Real-time Social Network Analysis
The internet age and growth of social networks was a game changer for human sciences. If previously researchers and analysts had to carefully design data collection processes, now people are sharing their thoughts and concerns on a daily (or hourly) basis. For example, the retail sector can gain instant feedback about a new product.
However, high frequency of the data makes the data collection and analysis extremely difficult. Moreover, the volume of the data from the social networks can exceed the capacity of in-house data processing systems.

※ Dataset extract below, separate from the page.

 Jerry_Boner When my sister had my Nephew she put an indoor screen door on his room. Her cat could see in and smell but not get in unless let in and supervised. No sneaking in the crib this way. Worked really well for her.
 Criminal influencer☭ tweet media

In this use case, data pipelines are developed to collect, process, and store the data using the Cloud Pub/Sub, Cloud Dataflow and BigQuery services from the Google Cloud Platform. The solution enables effective and holistic data collection and protection against data loss that increases the confidence of the data analysis. Moreover, the CAPEX and OPEX required for such a system are dramatically reduced by using infrastructure and services managed by Google Cloud. In addition, by using the Natural Language API of the Google Cloud in the pipelines, one can analyze the texts of the captured content on-the-fly and load the results of the analysis (e.g. sentiment analysis) in BigQuery together with the captured data.
The solution was also presented as a hands-on workshop at the IWR (Interdisciplinary Center for Scientific Computing) of University of Heidelberg.